Inside his family’s wrecked mobile home, 10-year-old Gerardo Hernandez holds his nose to block the mildew smell, stepping gingerly over soaked floorboards that buckle under his feet.
He points out the septic tank with a loose concrete cover and explains that snakes have been slithering out of it.
Across the way, his friend Maria Rivera, 13, explains that water rose so high inside the Eddins Mobile Home Park that toilets filled up with mud.
She leads a tour through piles of wet mattresses and sacks of garbage piled chest high, the wreckage pulled from 30 single-wide mobile homes with brown water stains halfway up the walls and spots of black mold appearing on the ceiling.
In the middle of it, near where the family Bible is drying on a porch railing, Rivera spots a colorful piece of paper in the mud.
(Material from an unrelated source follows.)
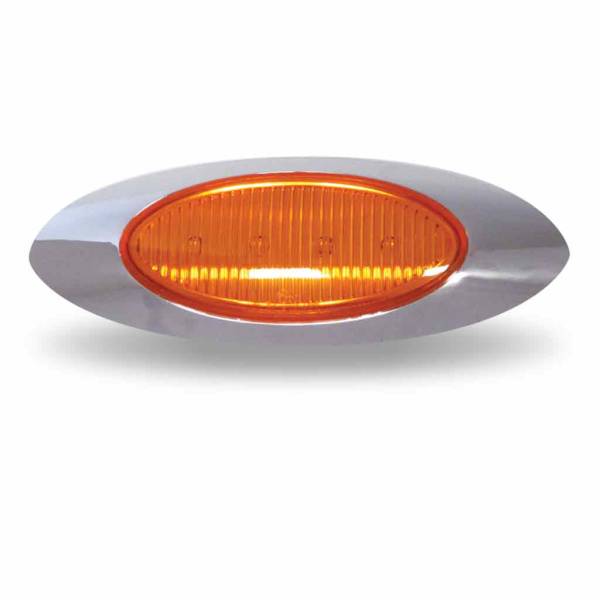 TRUX - TRUX-TLED-G4A-REEMPLAZO DE LEDS AMBAR PARA PANELITE M1 4 DIODOS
“My painting!” she says, picking it up and reattaching a red ribbon that lays nearby. “This is from the art show. I got second place.”
The mobile home park sits within sight of well-traveled N.C. 50, an easy walk from Newton Grove’s traffic circle. More than 200 people in this community, most of them migrant workers who tend and pick tobacco, saw water from Beaver Dam Swamp rise up to 10 feet high, soaking their clothing, spoiling their food and carrying off their furniture.
Many of their homes now have holes in the floor and loose walls that wobble. Dozens reported that the landlord had driven through quickly and advised them to pull up carpets.
“That’s all he said,” said Mary Lott, 63, who has lived in her single-wide for 27 years and now has sewer gas seeping in through a broken pipe. “But after carrying the carpet up, where you going to go? No more good to stay in here. No more good. Little snakes through here. Little snakes.”
A call to Manuel Lopez, whom neighbors identified as the landlord, went unanswered Thursday.
After Hurricane Matthew struck on Saturday, residents huddled inside their cars or slept on couches in their still-wet living rooms.
“They had a lobster in their house,” said Maria, pointing to a neighbor who endured a crawfish invasion.
“Two fishes died over there,” Gerardo reported.
Neighbors said the mobile home park holds as many as 300 people when full, and that its population fluctuates depending on work. Some travel back and forth to Mexico, others to Florida.
Maria Rivera’s father Tomas, 42, said his family of five has spent the last 13 years at Eddins, where he works whatever job he can. Most of the residents, he said, are employed by a group called Los Panchos, which carries them by bus to the fields.
“Everything gone,” he said. “Sleep in my van. My wife. My family. Everything no good.”
On Thursday afternoon, five days after the storm, the Sampson County Department of Social Services arrived to say a shelter would open at Hobbton Middle School. Once there, officials explained through a translator, they could apply for disaster aid.
Volunteers from Smithfield hauled more than three truckloads of blankets, shoes, orange juice and homemade meals Thursday. Two Red Cross volunteers from Kalamazoo, Mich., arrived in a van to pass out supplies. One of them, Jim Kowalski, described the garbage-strewn community as “a mess.”
“It’s so soon after,” said his wife, Nancy. “The wheels aren’t in motion yet.”
Many residents asked how long they would need to stay. Some said the wood would dry out eventually, allowing them to stay. Others, like Martin Rodriguez, who moved to Eddins three months ago and has spent the storm’s aftermath on a mattress under a patch of black mold, will just move on.